The invitation of the King to our Church, being thus publicly and formally announced, and the difficulty to its acceptance being the need of funds, the course usual under such circumstances was taken. Those who sympathized with the object came together and formed a committee, consisting of church dignitaries, noblemen and gentlemen-men they were, the first and foremost in every good work-men raised far above all party considerations or sectarian bias-several of them members of the committees of the two venerable Societies for the Propagation of the Gospel in foreign parts, and for the Promotion of Christian knowledge.

Within one month after the Bishop of Oxford's speech in Convocation quoted above, the statement I now read was published and circulated:

"POLYNESIAN CHURCH.—The committee for promoting the establishment of a church in Honolulu, in communion with the churches of England and America, having taken into consideration the King of Hawaii's desire to receive a mission from the church of England headed by a Bishop, are of opinion that measures should be taken for fulfilling the desire thus put, we trust, by God into the heart of his Majesty.
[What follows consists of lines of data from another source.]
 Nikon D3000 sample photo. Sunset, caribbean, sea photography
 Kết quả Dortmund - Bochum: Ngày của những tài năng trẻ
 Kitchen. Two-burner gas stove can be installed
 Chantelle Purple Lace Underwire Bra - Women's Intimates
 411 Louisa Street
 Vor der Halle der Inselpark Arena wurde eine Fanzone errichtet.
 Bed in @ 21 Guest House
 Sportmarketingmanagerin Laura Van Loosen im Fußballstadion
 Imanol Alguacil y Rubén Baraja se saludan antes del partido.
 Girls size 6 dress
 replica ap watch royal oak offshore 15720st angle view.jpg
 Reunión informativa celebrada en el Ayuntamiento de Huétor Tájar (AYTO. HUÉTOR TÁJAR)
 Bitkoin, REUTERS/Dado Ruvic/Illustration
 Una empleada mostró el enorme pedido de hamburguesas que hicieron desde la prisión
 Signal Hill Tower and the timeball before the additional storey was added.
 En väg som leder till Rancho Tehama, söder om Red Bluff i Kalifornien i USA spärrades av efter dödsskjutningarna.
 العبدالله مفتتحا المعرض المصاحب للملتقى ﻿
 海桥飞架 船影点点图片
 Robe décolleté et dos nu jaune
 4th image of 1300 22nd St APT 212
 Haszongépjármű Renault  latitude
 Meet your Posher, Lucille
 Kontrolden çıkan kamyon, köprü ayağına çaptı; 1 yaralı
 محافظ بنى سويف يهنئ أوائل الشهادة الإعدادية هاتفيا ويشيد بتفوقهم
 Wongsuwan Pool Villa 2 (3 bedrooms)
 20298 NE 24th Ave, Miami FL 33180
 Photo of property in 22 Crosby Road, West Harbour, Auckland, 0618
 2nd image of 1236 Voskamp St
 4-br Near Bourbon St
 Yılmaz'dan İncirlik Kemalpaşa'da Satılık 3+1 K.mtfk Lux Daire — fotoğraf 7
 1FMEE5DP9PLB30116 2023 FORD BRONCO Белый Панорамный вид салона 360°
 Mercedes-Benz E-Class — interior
That having respect to the importance of these islands as a probable centre of Christian influence in the North Pacific Archipelago, as well as t6 the immediate needs of the actual population of the Hawaiian group, an earnest appeal for support be made to the Church at home.

That as it appears by letters from the Bishops of California and New York, that there is a readiness on behalf of the American church to unite in this effort, the Committee hail with gratitude to God such an opening for common missionary action between the two great branches of the Reformed Catholic church. That the Bishops of California and New York be requested to convey to the church in America, most earnest invitations from this committee to unite in the work.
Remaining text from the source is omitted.